The Return of the Zuckers

Published July 10, 2008 4:00am ET



In a relentless news cycle with a million news sources competing for smaller and smaller bits of time from consumers (Read: voters), it’s priceless to have anyone from the Zucker team on your side. Since 2004, David Zucker, occasionally with the help of his brother, has been producing some of the most buzzed about ads of each cycle. The Zuckers are 2/3 of a comedy trio responsible for Airplane!, Top Secret!, and Naked Gun, just to give you an idea of the level of comic genius we’re dealing with, here. This is serious stuff.

The ads are, without fail clever, well-produced, funny, and skewer the hell out of Lefties. They get attention online, which often leads to copious attention from cable news, effectively spreading messages without spending too much on ad buys. In short, the Zucker brothers are capable of creating the buzz of an Obama girl without bimbos or bikinis. And, while some in my audience may mourn the loss of the bikinis, I think the Zuckers’ work is better for messaging precisely because their ads deliver the message instead of distracting from it.

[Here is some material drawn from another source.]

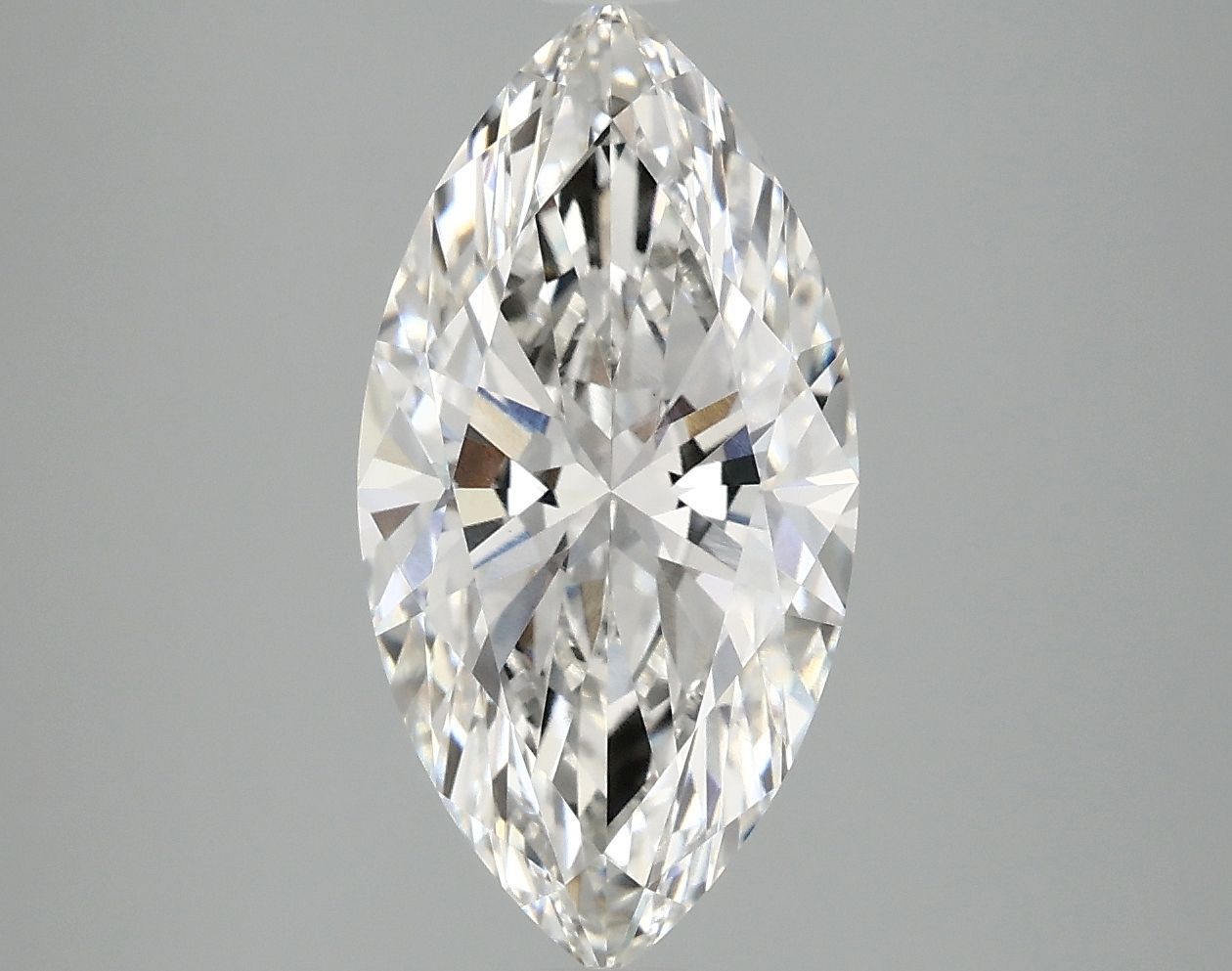 3.10 ct. marquise Lab Grown Diamond front image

Their newest contribution is a short ad for the Center for Security Policy about energy, called “Nozzlerage.” As usual, it’s well-done:



My concern, however, is that conservatives turn a video like this, with such potential for Internet/TV success, into action instead of just buzz. The Nozzlerage.com website is very unclear about where it would like to take us, in terms of energy policy, and allows the user to do very little other than sign up for an e-mail list. Presumably, that list will be put to use by Frank Gaffney’s Center for Security Policy, but for what? The matter is complicated by the fact that non-profits that commission such videos can’t push for outright legislative/political action from supporters or it violates their tax status.

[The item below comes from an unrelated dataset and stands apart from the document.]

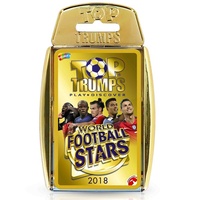 TOP TRUMPS: WORLD FOOTBALL STARS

The sentiment expressed in the video is one most Americans can get down with, and we need to be careful not to squander the momentary ire created by the ad. There should be educational resources, quizzes, merchandise, interactive demonstrations, Google maps illustrating where our oil money goes, all available for the user to explore after he sees the video. This is not to knock this effort at all, as it may incorporate such tools in the future, but simply to say that we need to be wary of such things in the future, and integrate all our Internetty tools to get things like this moving beyond the video.

It’s also to say that I hope the Zuckers will be putting out more ads during thiselection cycle. Below are a couple of their greatest hits. As you’ll see, Barack Obama is ripe for the Zucker treatment, especially when it comes to national security.

2004: This Club for Growth-commissioned “flip-flop” ad really said all that needed to be said about John Kerry.



2006: The taxman cometh, at every single stage of your life, and this was an official RNC ad.



2006/7: The Iraq Study Group and James Baker = Neville Chamberlain. Nice!

2006: Albright got cozy with dictators in this ad, and the GOP deemed the ad “too hot” for official use, but it garnered at least a million YouTube hits and plenty of attention.